İnsanlar, bu insan uzay uçuşu eksikliğini, çabaya yönelik halk desteğinin azalması, NASA için finansman eksikliği veya barış zamanında demokratik bir hükümetin kararsızlığından sorumlu tutabilir. Zubrin farklı bir zihniyete sahip: “Bu açıklamaların her biri sezgisel olarak makul,” diyor, “Ancak […] birlikte ele alındığında, demokratik halkların nasıl büyük şeyler yapabileceğine dair derin bir yanlış anlama anlamına geliyorlar.”
Zubrin, tarihsel olarak, 1960’larda uzay programında halkın desteğinin görece küçük bir rol oynadığını iddia ediyor. “Tarihçi Roger Launius tarafından yapılan bir analiz, […] genel olarak ay keşfinin çağdaş anketlerde çoğunluk desteğini neredeyse hiç almadığını buldu.” Zubrin, NASA’nın bugün astronotları aya ilk gönderdiği zamandan çok daha fazla paraya (enflasyona göre ayarlanmış) sahip olduğu için, parasızlık da bir mazeret değil, diye ekliyor Zubrin.
Bu demokratik “kararsızlık” konusuna gelince, Zubrin “Amerika Birleşik Devletleri’nde barış zamanlarında, Erie Kanalı, Hoover Barajı ve Eyaletlerarası Karayolu Sistemi gibi büyük kamu işleri dahil olmak üzere birçok büyük şeyin demokratik yollarla başarıldığına” dikkat çekiyor. ”
Asıl sorun, Zubrin’in “çalışma modunda değişiklik” dediği şeydir. Apollo 11’den sonra NASA, net sürüş amacını kaybetti. Tüm insanlı uzay uçuşu projeleri amaçsız ve yavaş ilerliyordu. Bunun yerine, ajans, “son yarım yüzyılda yüz milyarlarca doları, maliyetlere ve risklere layık çok az sonuçla dağıttı” diye yazıyor Zubrin. Devam eden bu başarısızlık, yönetimden yönetime kadar takip edilebilir: George HW Bush’un 1989’daki Uzay Araştırma Girişimi “hızla çöktü” ve Barack Obama’nın “Mars’a Yolculuğu” “hiçbir şey başaramadı çünkü herhangi bir şeyi başarmak için belirli bir son tarih yoktu.” Trump yönetiminin hırsları, 2019’da bir “Uzay Kuvvetleri” kurulmasına rağmen belirsizdi . Mars asla bir öncelik olmadı.
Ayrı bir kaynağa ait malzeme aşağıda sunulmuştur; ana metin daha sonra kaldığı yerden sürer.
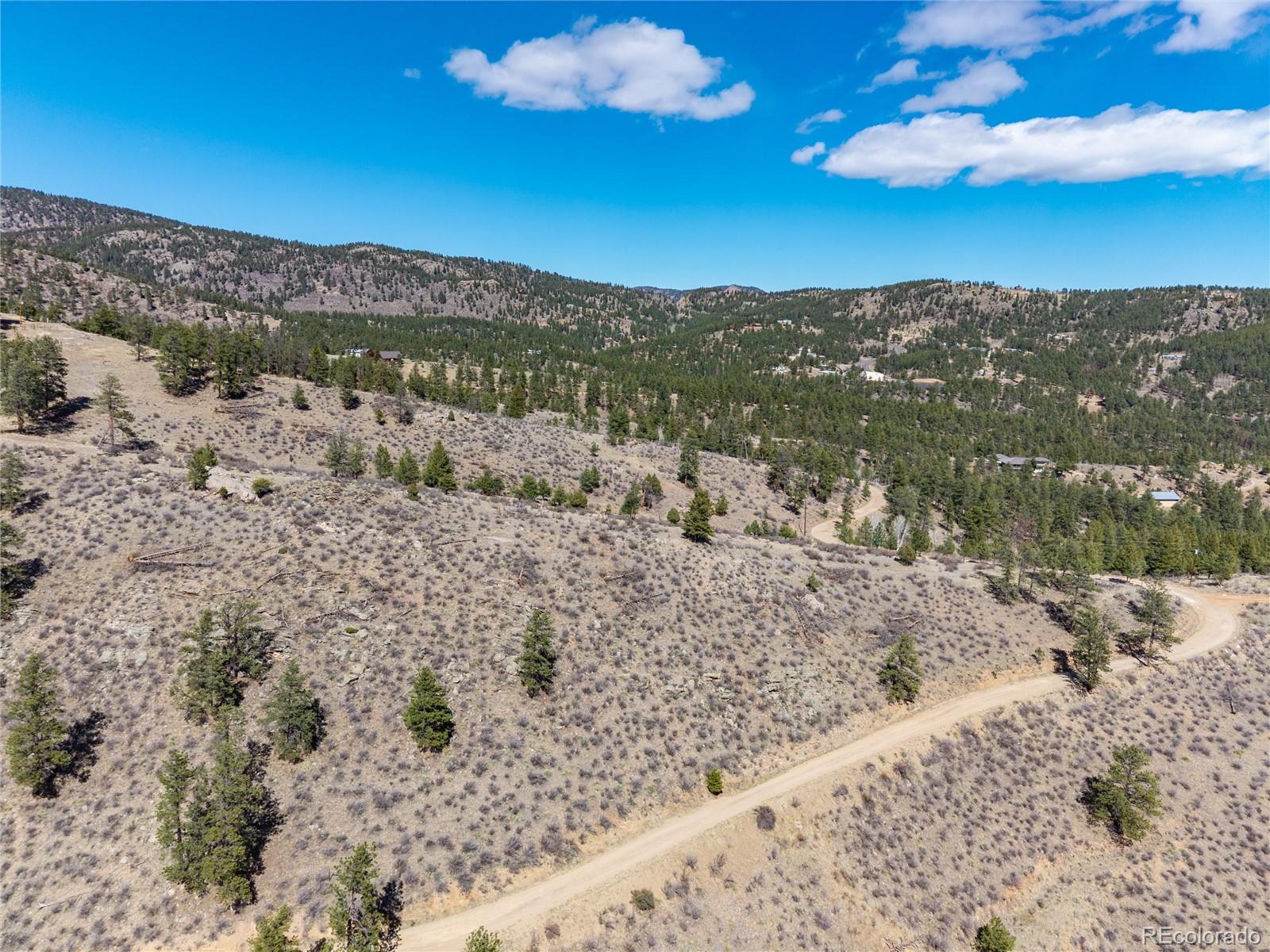 12 A Bailey Estates Bailey, CO 80421 - Photo 7 of 36 a view of a lake with mountains in the background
Günümüzde, Dünya’nın Kızıl Gezegen ile etkileşimi robotlarla başlıyor ve bitiyor (Perseverance gezgininin 17 Şubat’ta Mars’a inmesi planlanıyor). Ancak Elon Musk gibi insanların Ay’ı 2026’ya kadar kolonileştirme sözü vermesiyle , belki de rüya göründüğünden daha yakındır.